フランス語の美しさ、詩の表現の面白さに感銘
私が進学した京都大学では入学前に第二外国語を選択します。高校生の頃フランス映画を観て、フランス語の音の美しさ(とフランス映画の独特の感性)が印象に残っていたので、フランス語にしました。2回生の終わりに専門分野を決定する際、ものすごく悩みましたが、自分が親しんできた日本の作家に仏文科出身が多いことを不思議に思っていたこともあり、フランス語学フランス文学専修を選びました。その後なんとなく手に取った『フランス名詩選』をめくりながら、フランス詩を音読し、対訳を読むうちに、詩の比喩の美しさやイメージの繊細さに魅了されていきました。そんな時19世紀に活躍した詩人ステファヌ・マラルメについて書かれた『マラルメの想像的宇宙』(ジャン=ピエール・リシャール著)という研究書を見つけ「詩人の想像的宇宙って何だろう」「どうしたら詩のイメージの世界を研究できるのだろう」と興味を持ち、詩の研究を始めました。
これまでのマラルメ像と作品との間のギャップが気になる
マラルメは「詩人の消失」や「言葉に主導権を渡す」などの印象的な言葉を残しており、日本では崇高かつ難解なイメージが定着しています。事実、マラルメは詩論や文明論など様々な批評を発表しており、思想家としての一面も持っています。ただ実際に彼の詩を読むと、マラルメ自身が批評で述べた内容やこれまでに形成されたマラルメのイメージとは違う面も見えてきます。私はそれらと実際の作品の間のギャップが気になり、「マラルメはどう考えていたのか」といったマラルメ像や思想よりも、「マラルメはどう書いたのか」とか「彼の詩の言葉はどのように機能しているのか」といった文体や表現の工夫、その新しさを明らかにしようと試みてきました。マラルメは交友関係が広く、画家のマネやモネ、ルノワールらとも親交がありました。また、マラルメの詩「半獣神の午後」は作曲家のドビュッシーに着想を与え、《牧神の午後への前奏曲》が生まれています。

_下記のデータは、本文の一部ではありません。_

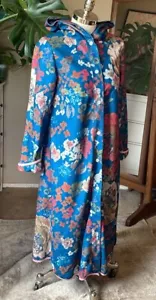 MissLook fabulous blue floral coat, women’s Medium - Picture 1 of 10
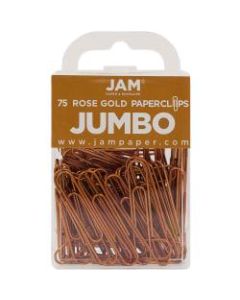 JAM Paper Jumbo Paper Clips, 2in, Rose Gold, Pack Of 75 Paper Clips
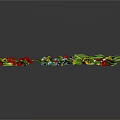 Decorative Flower Wreaths With Green Leaves And Red Yellow Blue Flowers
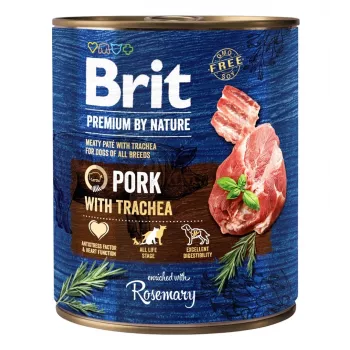 Mokra karma dla psa Brit Premium by Nature wieprzowina z tchawicą 800 g, dorosłe psy, puszka, 78% wilgotności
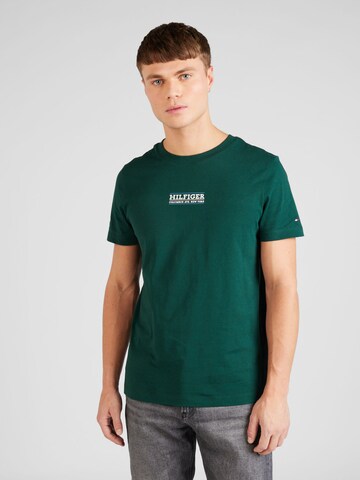 T-Shirt TOMMY HILFIGER en vert : devant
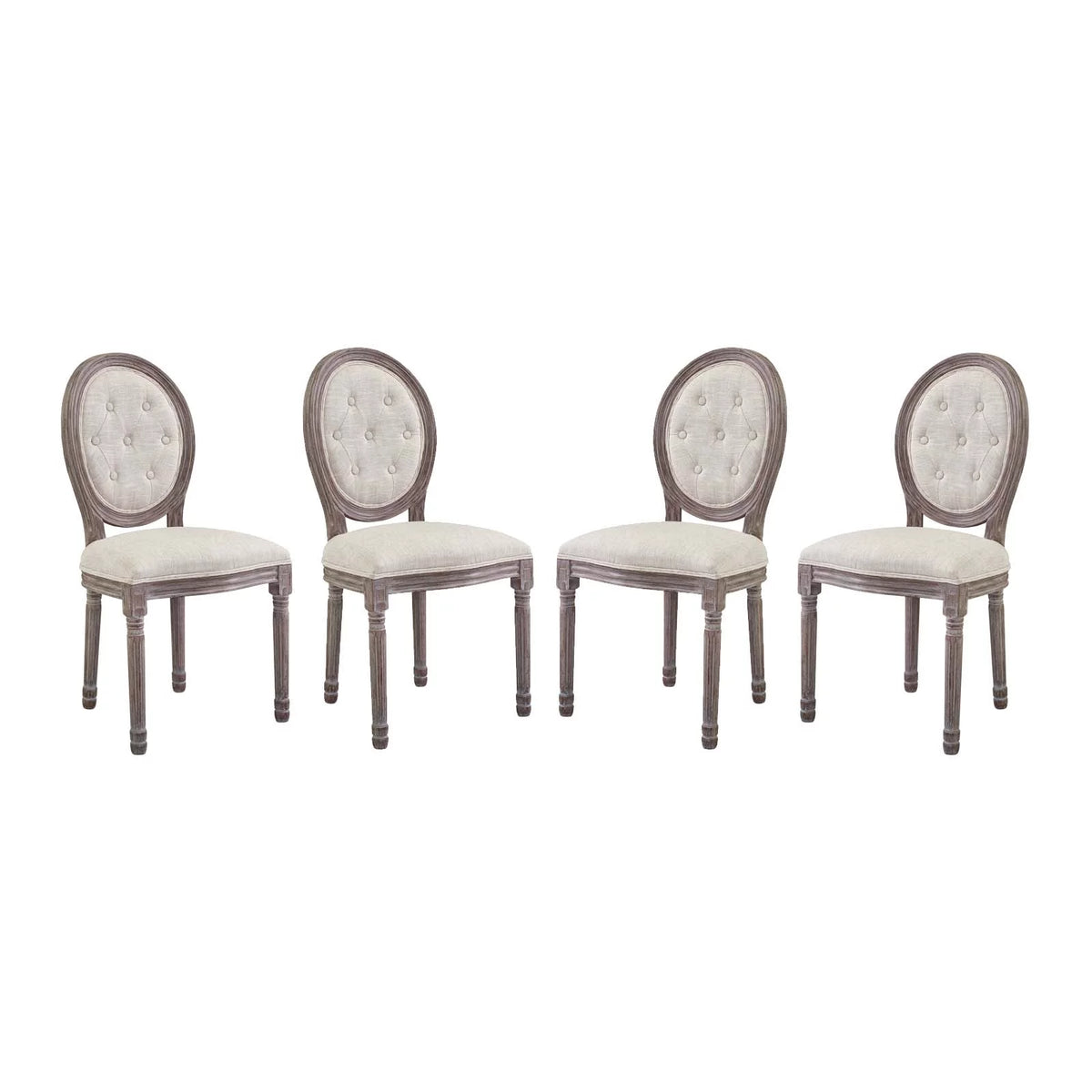 Beige Fabric Wood Dining Chair Set of Four Y86803
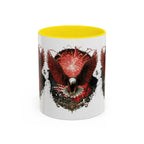 Red Eagle Emblem Accent Coffee Mug | Patriotic Eagle Design - 250 USA Celebration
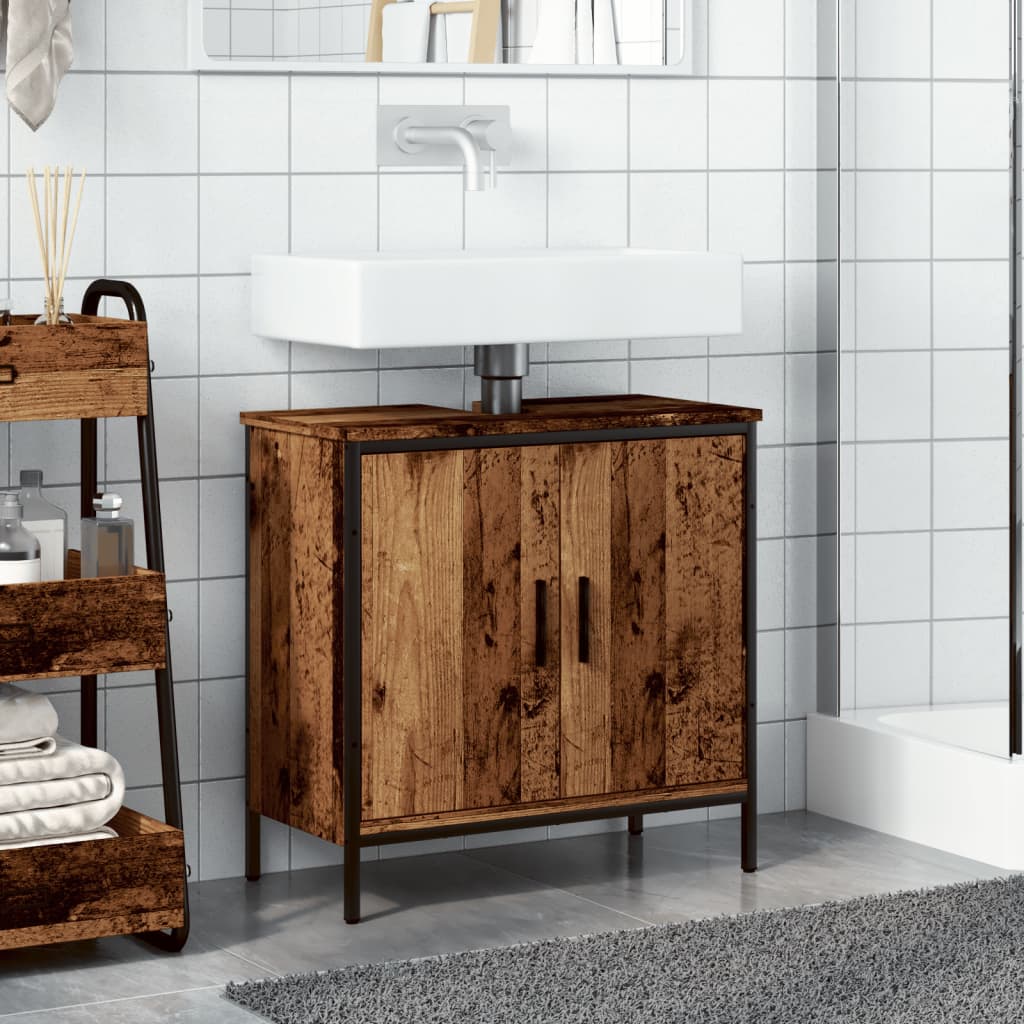 Washbasin cabinet old wood look 60x30x60 cm wood material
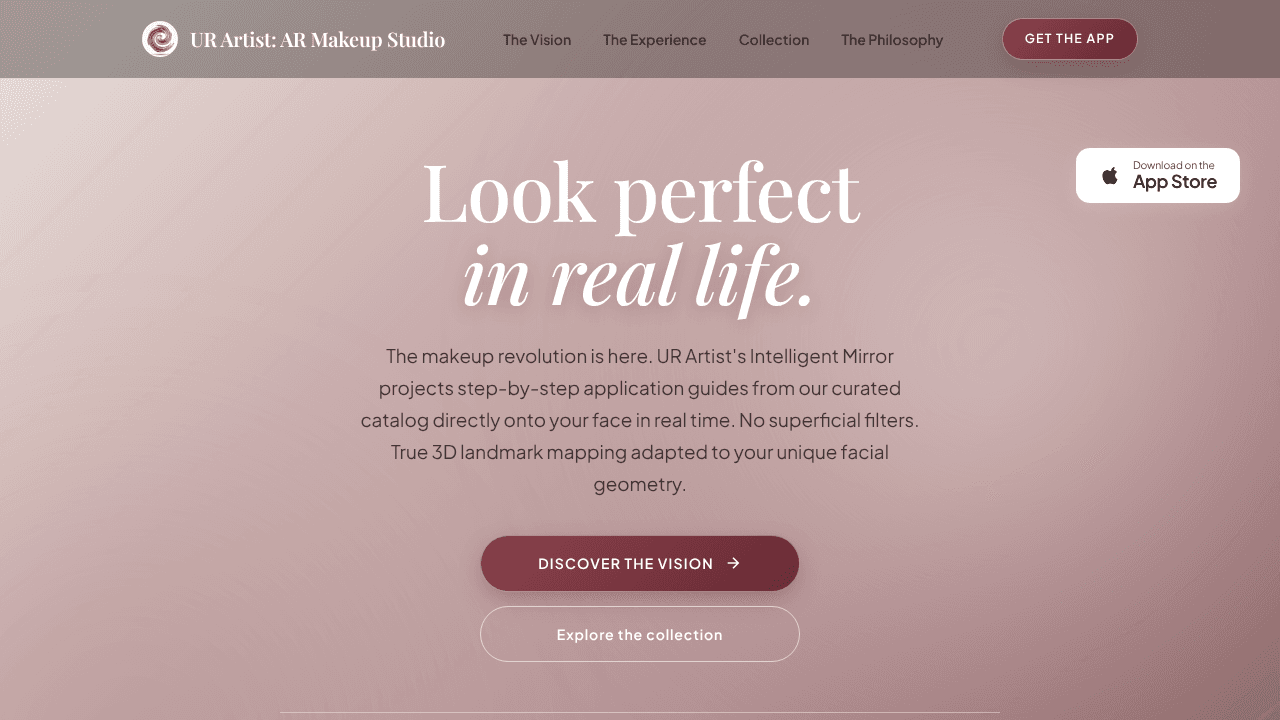 UR Artist: AR Makeup Studio website screenshot
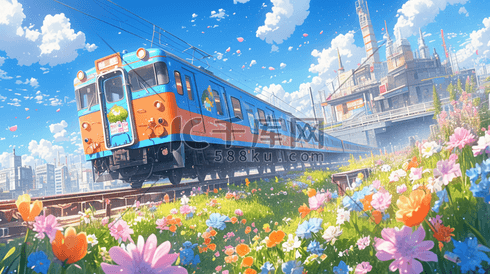 春天风景火车手绘插画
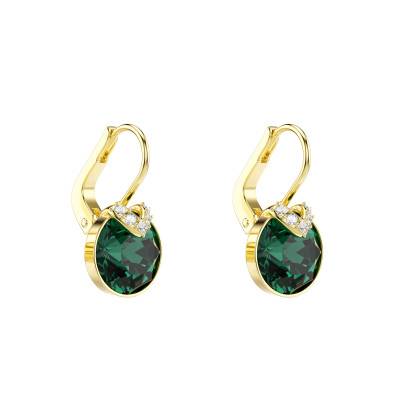 Gold-Plated Metal & Green and White Crystal Bella V Leverback Earrings - 5735389 - Swarovski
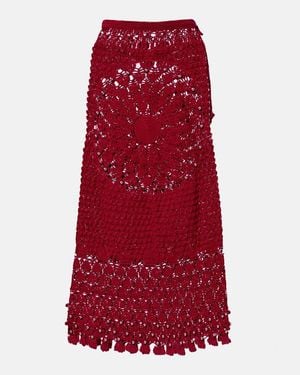 Rabanne Embellished Crochet Cotton Midi Skirt - Red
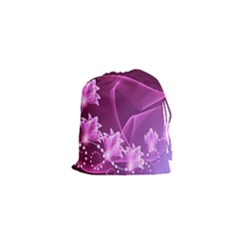 Lotus Sunflower Sakura Flower Floral Pink Purple Polka Leaf Polkadot Waves Wave Chevron Drawstring Pouches (xs)  by Mariart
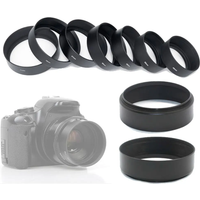 Mid Focus Screwed Lens Hood Universal Black Metal Protective Shield Sunshade for Canon/Nikon 40.5/43/46/49/52/55/58/62/67/72mm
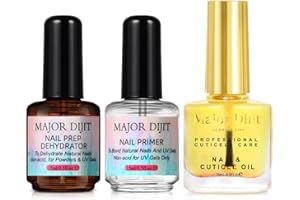Major Dijit Nail Dehydrator and Nail Primer with Cuticle Oil Set,Natural Nail Prep Dehydrate and Acid-Free Primer for Gel Nail Polish, Air Dry Superior Bonding Primer for Acrylic Powder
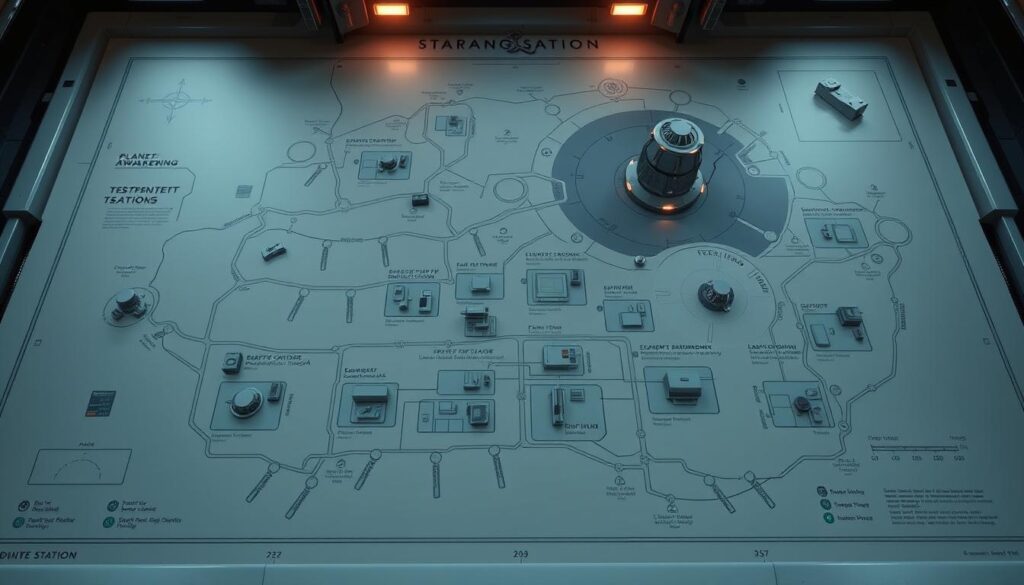 A detailed navigation map of a sleek, futuristic testing station, designed to guide planetologists through the Dune Awakening location. The map displays the layout of the facility, including key research areas, equipment hubs, and access points. Rendered in a clean, minimalist aesthetic with a muted color palette of grays, blues, and greens, the map projects a sense of precision and functionality. Subtle lighting casts a warm glow, creating depth and drawing the viewer's eye to the most important elements. The perspective is slightly elevated, providing a comprehensive overview while maintaining a sense of scale and immersion. The overall atmosphere conveys a feeling of exploration and scientific discovery within the Dune Awakening environment.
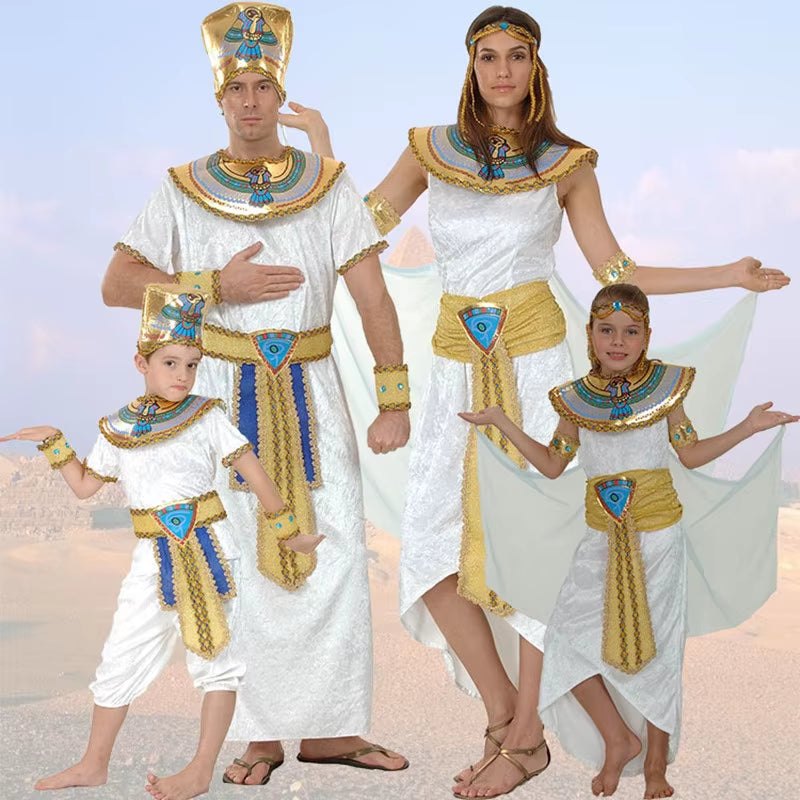 Adult Kids Egypt Nile Pharaoh Cleopatra Costume for Women Men Boys Girls Family Halloween New Year Party Fancy Dress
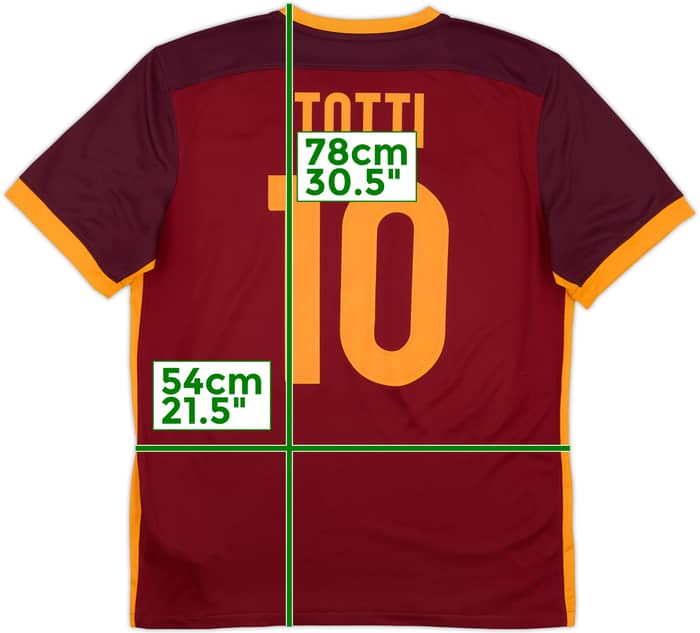 2015-16 Roma Home Shirt Totti #10 - 10/10 - (L)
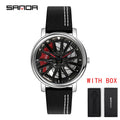 Hot Sell Fashion Men Quartz WristWatch Creative 360 Degree Rotating Car Wheel Quartz Watch Leather Waterproof Rim Hub Clock Men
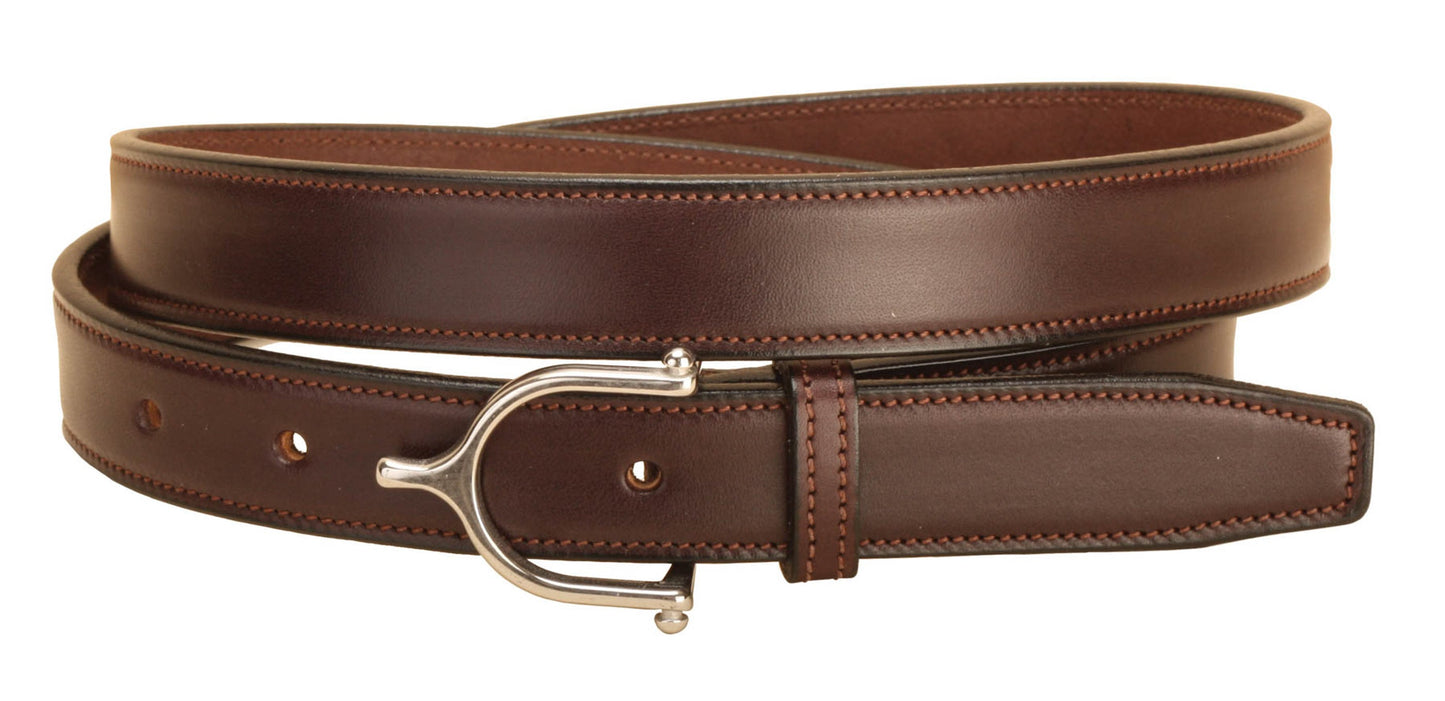 Tory Leather 1" Stitched Belt with Stainless Steel Spur Buckle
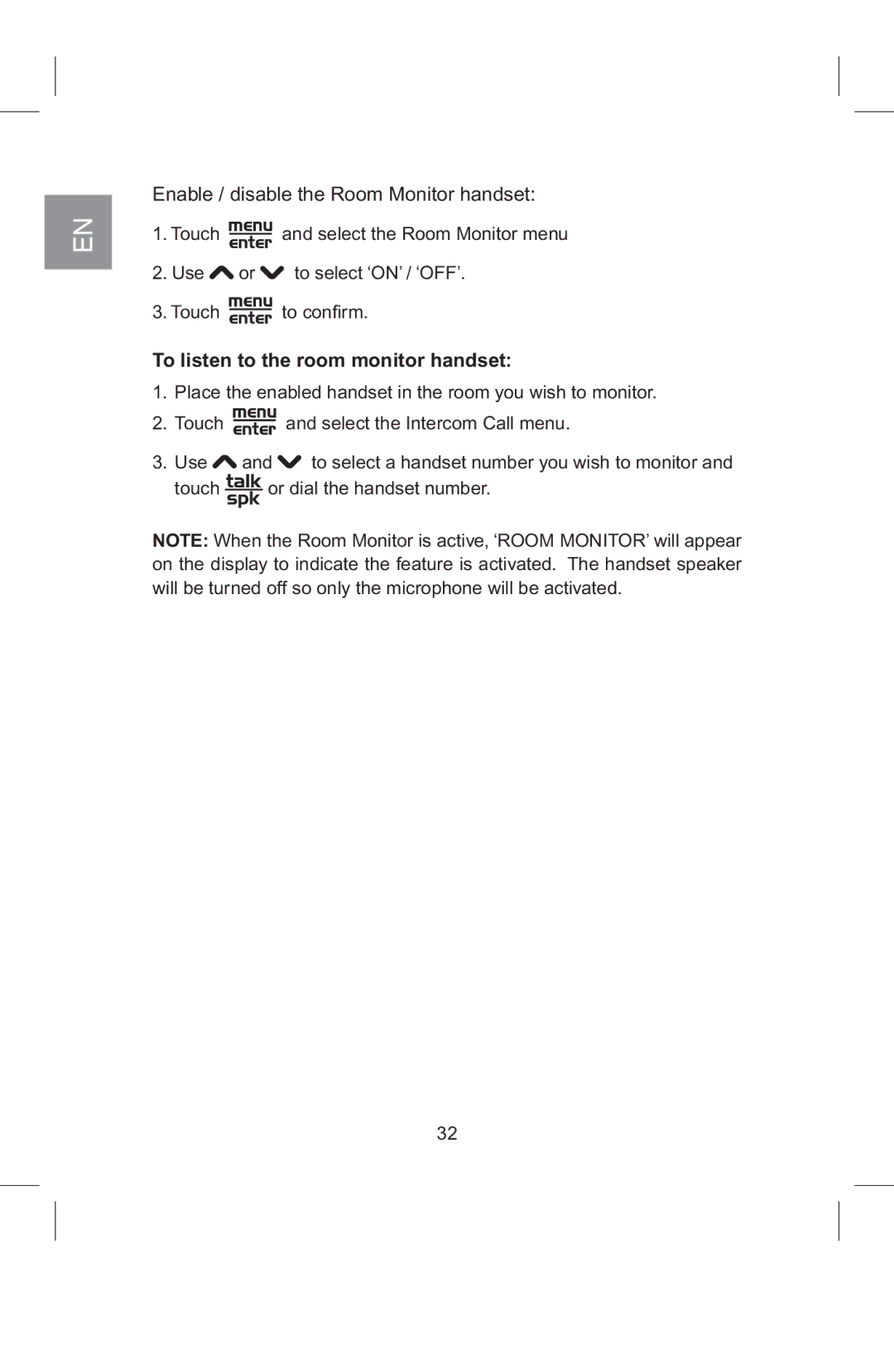 AT&T 2820 manual To listen to the room monitor handset 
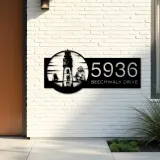 Custom Metal Lighthouse and ship sea adventure Metal Address Sign, House number, Outdoor Number Signage, Yard Sign Address Plate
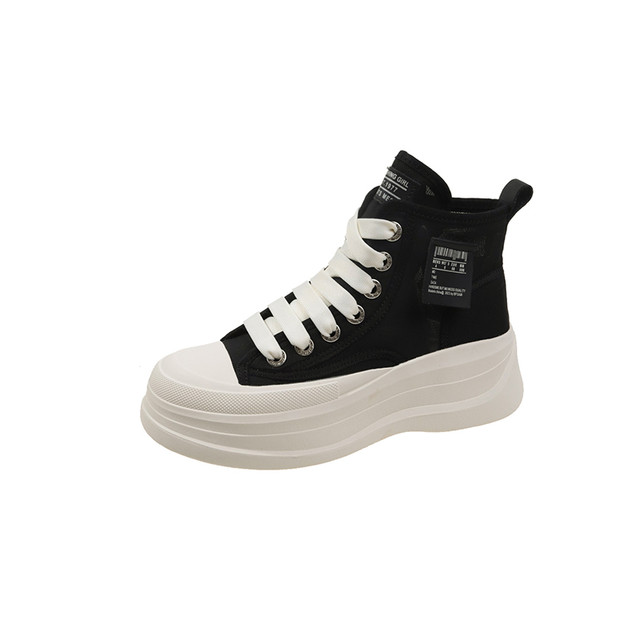 ເກີບຜ້າໃບອ່ອນໆແບບເອີຣົບ breathable high-top thick-soled casual shoes for women summer 2023 summer new mesh lace-up sneakers British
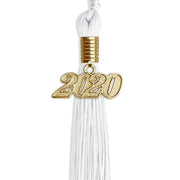 White Graduation Tassel With Gold Date Drop - Endea Graduation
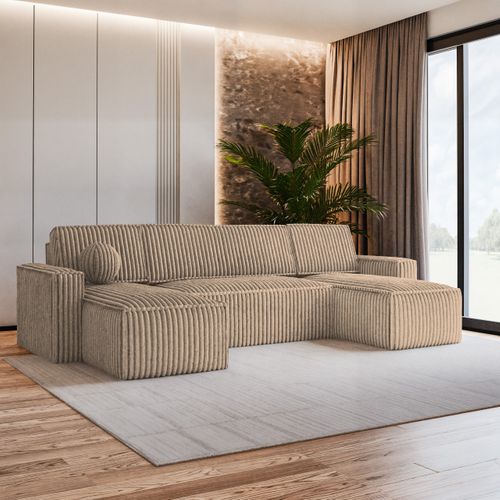 Canapé D'angle Pesano Beige En Velours Côtelé Avec Fonction De Couchage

マラルメは19世紀のフランスにおける文学と芸術の豊かな関わりを見るうえでも、とても興味深い研究対象なのです。
大きな変革期を迎えた19世紀の芸術家たち
19世紀は社会のシステムが大きく変わった時代でした。前世紀末のフランス革命以降、フランスは徐々にではありますが王政を倒し民主主義を実現していきます。また産業や科学の発展が人々に物質的豊かさをもたらしました。芸術も王侯貴族など特権階級のものから市民が親しめるものとなり、芸術家の立場も大きく変わります。王侯貴族の庇護を受けたり、公的な場で作品を制作したりするのではなく、若者たちが個人の資格で美や芸術を求め、詩人や画家を志しました。当時はナポレオンの偉業をたたえるなど、従来の公的な役割を果たそうとした詩人もいましたが、今はそうした作品はほとんど読まれず、むしろボードレールやヴェルレーヌなど経済的な困難を抱えながらも自らの美学を極め才能を発揮した詩人たちの詩が読まれています。マラルメもまさにそんな時代の詩人です。既存の枠組みが変わり、混沌たる時代に生きているという点では、現代に通じるものがあるかもしれません。